### [Prompt]
From the line that contains "Chiang Mai Old City Temple Tour" to the last line of the entries, write each line out exactly; include both ends and nothing else.

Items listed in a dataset
------------------------------------

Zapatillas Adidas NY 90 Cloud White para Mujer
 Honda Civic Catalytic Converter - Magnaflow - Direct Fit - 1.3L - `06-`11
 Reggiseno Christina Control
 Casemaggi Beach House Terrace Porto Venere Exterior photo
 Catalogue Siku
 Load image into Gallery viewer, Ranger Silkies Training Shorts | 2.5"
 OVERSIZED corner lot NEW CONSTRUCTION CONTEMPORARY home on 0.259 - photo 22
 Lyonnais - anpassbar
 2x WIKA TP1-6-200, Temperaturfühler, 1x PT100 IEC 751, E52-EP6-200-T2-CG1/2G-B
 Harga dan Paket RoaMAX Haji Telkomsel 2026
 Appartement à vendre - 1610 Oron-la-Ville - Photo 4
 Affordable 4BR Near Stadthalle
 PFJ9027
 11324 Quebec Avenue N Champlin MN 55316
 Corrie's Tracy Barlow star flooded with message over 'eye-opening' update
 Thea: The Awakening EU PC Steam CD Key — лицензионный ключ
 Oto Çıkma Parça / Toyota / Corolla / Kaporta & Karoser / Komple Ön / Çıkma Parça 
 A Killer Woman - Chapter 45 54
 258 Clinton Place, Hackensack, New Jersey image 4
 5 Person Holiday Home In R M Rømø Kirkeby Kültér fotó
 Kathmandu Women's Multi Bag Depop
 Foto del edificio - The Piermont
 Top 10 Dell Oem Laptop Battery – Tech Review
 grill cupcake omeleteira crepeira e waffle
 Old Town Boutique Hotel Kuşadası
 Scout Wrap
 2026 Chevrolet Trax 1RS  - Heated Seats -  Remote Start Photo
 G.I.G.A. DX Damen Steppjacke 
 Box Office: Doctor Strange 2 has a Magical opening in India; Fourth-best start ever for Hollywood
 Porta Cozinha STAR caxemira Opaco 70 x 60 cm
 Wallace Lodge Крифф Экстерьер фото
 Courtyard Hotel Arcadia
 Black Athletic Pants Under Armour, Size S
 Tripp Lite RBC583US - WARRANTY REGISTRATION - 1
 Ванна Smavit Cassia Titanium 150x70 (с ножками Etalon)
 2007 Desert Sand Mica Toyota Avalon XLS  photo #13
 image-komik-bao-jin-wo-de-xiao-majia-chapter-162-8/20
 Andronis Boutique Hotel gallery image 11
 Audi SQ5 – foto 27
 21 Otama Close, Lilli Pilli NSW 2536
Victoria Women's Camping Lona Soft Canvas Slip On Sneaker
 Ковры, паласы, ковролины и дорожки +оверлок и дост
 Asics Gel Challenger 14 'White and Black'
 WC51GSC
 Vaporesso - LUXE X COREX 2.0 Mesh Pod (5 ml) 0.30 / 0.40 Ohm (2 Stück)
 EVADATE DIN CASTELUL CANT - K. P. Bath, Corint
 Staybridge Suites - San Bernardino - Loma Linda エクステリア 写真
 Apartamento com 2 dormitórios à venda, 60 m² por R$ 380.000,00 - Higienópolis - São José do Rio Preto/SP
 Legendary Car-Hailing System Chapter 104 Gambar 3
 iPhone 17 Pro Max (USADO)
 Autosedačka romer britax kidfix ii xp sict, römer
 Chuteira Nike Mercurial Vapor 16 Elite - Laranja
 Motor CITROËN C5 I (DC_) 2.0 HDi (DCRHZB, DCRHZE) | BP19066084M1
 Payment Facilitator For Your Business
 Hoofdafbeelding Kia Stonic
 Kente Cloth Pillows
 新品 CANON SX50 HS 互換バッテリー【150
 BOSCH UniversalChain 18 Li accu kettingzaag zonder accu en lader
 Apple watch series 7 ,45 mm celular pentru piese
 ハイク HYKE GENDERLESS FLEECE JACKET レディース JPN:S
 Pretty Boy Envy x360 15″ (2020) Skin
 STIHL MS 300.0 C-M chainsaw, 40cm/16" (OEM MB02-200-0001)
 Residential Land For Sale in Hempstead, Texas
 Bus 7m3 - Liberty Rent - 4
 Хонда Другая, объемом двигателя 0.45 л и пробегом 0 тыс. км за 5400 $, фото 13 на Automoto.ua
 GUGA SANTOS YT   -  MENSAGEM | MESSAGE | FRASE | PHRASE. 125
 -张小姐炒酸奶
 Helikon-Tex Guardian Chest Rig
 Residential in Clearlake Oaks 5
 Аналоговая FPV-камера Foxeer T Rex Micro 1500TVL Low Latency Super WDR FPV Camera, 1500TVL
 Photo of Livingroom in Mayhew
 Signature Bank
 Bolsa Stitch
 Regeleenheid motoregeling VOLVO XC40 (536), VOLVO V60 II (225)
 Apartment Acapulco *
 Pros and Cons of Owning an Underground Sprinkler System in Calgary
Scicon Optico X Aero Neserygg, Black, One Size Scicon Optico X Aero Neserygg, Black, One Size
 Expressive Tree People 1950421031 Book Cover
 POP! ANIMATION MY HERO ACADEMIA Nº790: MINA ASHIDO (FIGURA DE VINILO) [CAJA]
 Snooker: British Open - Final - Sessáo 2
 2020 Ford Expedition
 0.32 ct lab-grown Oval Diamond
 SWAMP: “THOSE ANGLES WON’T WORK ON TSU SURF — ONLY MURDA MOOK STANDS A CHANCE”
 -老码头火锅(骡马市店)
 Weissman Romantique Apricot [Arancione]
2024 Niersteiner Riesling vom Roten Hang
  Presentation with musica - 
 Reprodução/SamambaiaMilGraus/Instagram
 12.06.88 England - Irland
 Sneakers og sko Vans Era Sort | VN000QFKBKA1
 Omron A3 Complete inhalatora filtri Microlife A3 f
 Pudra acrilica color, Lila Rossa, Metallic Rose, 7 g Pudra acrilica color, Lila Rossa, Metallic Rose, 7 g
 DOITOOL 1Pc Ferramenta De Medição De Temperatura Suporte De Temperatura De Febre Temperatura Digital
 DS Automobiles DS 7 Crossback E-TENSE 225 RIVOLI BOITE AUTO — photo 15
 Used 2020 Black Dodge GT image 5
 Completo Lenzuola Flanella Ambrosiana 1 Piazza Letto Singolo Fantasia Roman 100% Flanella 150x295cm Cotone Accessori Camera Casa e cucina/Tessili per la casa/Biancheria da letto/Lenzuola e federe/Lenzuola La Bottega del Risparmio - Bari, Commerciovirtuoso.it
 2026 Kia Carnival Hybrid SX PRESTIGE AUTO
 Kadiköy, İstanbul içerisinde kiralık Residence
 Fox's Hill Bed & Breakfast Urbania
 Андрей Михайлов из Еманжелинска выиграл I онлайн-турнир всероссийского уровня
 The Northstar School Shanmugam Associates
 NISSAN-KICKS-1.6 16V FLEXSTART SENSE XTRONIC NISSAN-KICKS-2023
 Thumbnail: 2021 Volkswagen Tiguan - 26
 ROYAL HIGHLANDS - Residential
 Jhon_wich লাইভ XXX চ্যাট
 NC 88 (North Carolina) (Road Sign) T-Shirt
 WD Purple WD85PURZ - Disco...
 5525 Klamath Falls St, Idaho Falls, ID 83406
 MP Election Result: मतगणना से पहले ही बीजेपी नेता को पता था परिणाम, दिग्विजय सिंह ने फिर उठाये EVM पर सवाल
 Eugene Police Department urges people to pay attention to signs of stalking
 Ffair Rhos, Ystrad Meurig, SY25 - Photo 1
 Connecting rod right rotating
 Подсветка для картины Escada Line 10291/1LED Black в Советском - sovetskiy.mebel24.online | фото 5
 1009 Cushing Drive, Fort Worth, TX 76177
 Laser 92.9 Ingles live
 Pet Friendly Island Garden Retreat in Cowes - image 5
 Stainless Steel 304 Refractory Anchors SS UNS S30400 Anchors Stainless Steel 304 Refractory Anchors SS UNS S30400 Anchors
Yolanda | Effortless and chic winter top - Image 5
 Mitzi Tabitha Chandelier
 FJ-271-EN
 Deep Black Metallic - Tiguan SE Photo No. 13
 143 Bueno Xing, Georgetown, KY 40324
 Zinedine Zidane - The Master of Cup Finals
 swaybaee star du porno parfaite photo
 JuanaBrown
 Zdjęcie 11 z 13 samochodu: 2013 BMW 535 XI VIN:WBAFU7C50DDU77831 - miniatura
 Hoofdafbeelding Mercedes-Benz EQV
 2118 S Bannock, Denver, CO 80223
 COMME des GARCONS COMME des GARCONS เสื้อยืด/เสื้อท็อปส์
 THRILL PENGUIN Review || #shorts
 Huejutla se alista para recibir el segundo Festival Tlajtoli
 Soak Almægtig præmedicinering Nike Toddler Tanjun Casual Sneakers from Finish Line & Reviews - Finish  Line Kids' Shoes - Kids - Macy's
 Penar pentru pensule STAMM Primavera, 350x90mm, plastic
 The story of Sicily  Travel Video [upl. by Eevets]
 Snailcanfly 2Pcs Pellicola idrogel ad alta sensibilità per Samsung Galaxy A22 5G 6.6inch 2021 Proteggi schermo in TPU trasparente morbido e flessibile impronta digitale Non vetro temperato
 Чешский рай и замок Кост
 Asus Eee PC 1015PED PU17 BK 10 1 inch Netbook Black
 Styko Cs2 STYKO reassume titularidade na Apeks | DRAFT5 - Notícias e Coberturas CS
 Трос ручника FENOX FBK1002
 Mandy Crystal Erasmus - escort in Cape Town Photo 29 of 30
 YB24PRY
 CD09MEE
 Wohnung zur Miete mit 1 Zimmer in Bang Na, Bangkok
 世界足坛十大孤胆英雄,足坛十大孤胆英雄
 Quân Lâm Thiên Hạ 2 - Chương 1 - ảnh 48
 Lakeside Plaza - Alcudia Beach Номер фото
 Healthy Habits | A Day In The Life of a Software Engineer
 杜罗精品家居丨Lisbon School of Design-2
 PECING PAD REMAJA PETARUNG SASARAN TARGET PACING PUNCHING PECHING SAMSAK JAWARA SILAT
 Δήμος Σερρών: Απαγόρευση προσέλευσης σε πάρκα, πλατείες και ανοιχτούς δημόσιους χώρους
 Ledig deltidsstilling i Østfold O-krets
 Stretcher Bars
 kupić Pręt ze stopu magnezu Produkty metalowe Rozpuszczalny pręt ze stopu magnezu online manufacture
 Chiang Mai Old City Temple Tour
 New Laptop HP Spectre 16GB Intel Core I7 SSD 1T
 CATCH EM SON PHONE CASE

------------------------------------

### [Written response]
 Chiang Mai Old City Temple Tour
 New Laptop HP Spectre 16GB Intel Core I7 SSD 1T
 CATCH EM SON PHONE CASE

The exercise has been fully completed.